In the long run: Asymptotic analysis and Orders of growth

You may have noticed that there was something unsatisfactory about our way of doing things - the calculation was tuned too closely to our machine. The figure of $10^{-4} \times 2^n$ seconds is a bit arbitrary - the time to execute on one particular laptop - and has no other absolute significance for an analysis on a different machine. We would like to remedy this situation so as to have a mode of analysis that has absolute significance applicable to any machine. It should tell us precisely how the problem scales - how does the resource requirement grow as the size of the input increases - on any machine.

We now introduce one such machine independent measure of the resources required by a computational process - the order of growth. If $n$ is a parameter that measures the size of a problem then we can measure the resources required by an algorithm as a function $R(n)$. We say that the function $R(n)$ has an order of growth $O(f(n))$ (of order $f(n)$), if there exist constants $K$ and $n_0$ such that $R(n) \leq K f(n)$ whenever $n \geq n_0$.

In our example of the computation of $factorial(n)$, we found that the space required is $n$, whereas the number of multiplications and function calls required are $n$ and $n+1$ respectively. We see, that according to our definition of order of growth, each of these are $O(n)$. Thus, we can say that the space complexity and the time complexity of the algorithm are both $O(n)$. In the example of determinant computation, regardless of the particular machine and the corresponding constants, the algorithm based on Gaussian elimination has time complexity $O(n^3)$.
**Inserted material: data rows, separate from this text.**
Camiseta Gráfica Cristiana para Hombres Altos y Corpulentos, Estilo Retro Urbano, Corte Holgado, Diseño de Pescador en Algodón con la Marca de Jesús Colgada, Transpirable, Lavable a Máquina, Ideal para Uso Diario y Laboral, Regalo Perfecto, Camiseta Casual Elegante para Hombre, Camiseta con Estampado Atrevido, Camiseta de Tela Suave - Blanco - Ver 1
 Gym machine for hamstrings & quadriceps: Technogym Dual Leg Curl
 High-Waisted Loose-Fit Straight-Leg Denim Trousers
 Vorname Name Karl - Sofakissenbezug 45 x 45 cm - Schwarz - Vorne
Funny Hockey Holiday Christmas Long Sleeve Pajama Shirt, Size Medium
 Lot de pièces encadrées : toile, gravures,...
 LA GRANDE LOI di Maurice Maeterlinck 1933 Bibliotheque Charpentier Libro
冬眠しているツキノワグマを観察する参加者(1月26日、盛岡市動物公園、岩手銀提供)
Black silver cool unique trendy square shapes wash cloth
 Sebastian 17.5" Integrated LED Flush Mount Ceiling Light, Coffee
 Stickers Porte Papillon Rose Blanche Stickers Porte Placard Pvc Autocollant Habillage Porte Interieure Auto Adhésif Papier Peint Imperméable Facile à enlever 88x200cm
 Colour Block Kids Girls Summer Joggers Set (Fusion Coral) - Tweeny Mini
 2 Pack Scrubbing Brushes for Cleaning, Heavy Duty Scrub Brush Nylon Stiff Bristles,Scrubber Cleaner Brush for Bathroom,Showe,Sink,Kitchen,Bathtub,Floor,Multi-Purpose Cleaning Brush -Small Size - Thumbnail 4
Order of growth is only a crude measure of the resources required. A process which requires $n$ steps and another which requires $1000 n$ steps have both the same order of growth $O(n)$. However, On the other hand, the $O(\cdot)$ notation has the following advantages:

• It hides constants, thus it is robust across different machines.
• It gives fairly precise indication of how the algorithm scales as we increase the size of the input. For example, if an algorithm has an order of growth $O(n)$, then doubling the size of the input will very nearly double the amount of resources required, whereas with a $O(n^2)$ algorithm will square the amount of resources required.
• It tells us which of two competing algorithm will win out eventually in the long run: for example, however large the constant $K$ may be, it is always possible to find a break point above which $Kn$ will always be smaller than $n^2$ or $2^n$ giving us an indication of when an algorithm with the former complexity will start working better than algorithms with the latter complexities.
• Finally the very fact that it is a crude analysis means that it is frequently much easier to perform than an exact analysis! And we get all the advantages listed above.

In what follows we will give examples of algorithms which have different orders of growth.

Exercise 3.4   What does $O(1)$ mean? Are $O(1)$ and $O(n)$ different?

In Figure 3.1 we show the relative scaling of some order functions with respect to $n$. In Figure 3.2 we plot the $O(n^2)$ and the $O(2^n)$ curves with an increased $y$-axis range. Clearly any algorithm with a time complexity of $O(2^n)$ is computationally infeasible. In order to solve a problem of size 100 roughly $2^{100} \approx 10^{30}$ steps will be required.

Figure 3.1: A comparison of various orders of growth.

Figure 3.2: A comparison of $O(n^2)$, $O(n\;log n)$ and $O(2^n)$.

Exercise 3.5   Assuming that a single step may be executed in, say, $10^{-9}$ seconds, obtain a rough estimate to solve a problem of size 100 using an algorithm with a time complexity of $O(2^n)$.